As a part of the 2013 Death Valley Campout Festival, I organized a plein air paint out for the morning of November 6, the first day of the Encampment, http://www.deathvalley49ers.org/art-events/. The group met at 8 AM at the 49ers registration booth and car pooled to Zabriskie Point, which I chose for its relative ease of access and panoramic beauty offering limitless painting compositions.
Plein air artists paint from life, in the outdoors, in open air (en plein air) with natural light and the artist sitting in front of the live subject. Artists complete a painting in a few hours, in changing light with only minor refinements that may be made later in a studio. Photography is discouraged if not forbidden in plein air painting. In addition to artistic skills, the major challenges include:
Ability to deal with the changing light and environment
Working in one sitting with a relatively short time and limited, portable equipment.
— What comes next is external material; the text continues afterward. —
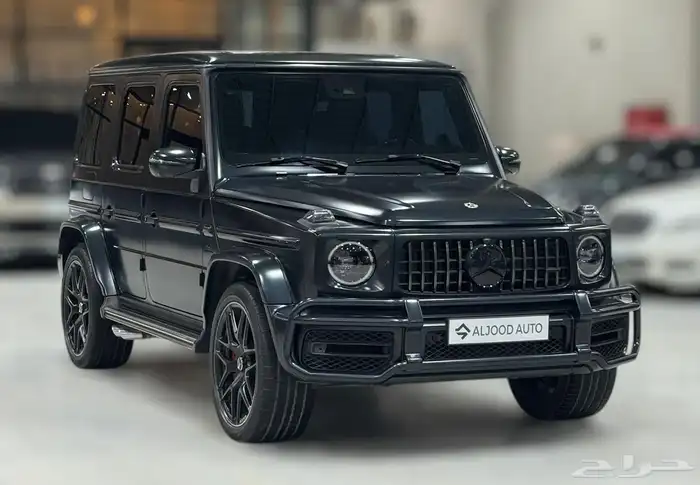 G63 - 2023 - نايت بكج - مستعمل - فل كامل 1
Choosing a composition and focus
Producing value sketches and designing the painting
Simplifying
Capturing the spirit of being in the presence of the subject
Finally, one of the greatest challenges is the distraction by on lookers who insist on telling you about their own painting experiences or that of their children.
All of the artistic ingredients for plein air painting are present in Death Valley; it simply doesn’t get any better.
Each artist found a position and view, set up portable equipment and worked until shortly before noon. In previous years a nearly ideal painting location lay behind the tourist wall, which provided shade to a large flat mound where easels could be located out of the tourist traffic. However, recent rains had washed out a large area of the dirt mound causing some of the wall to collapse, so most artists chose to remain on the safer side of the wall.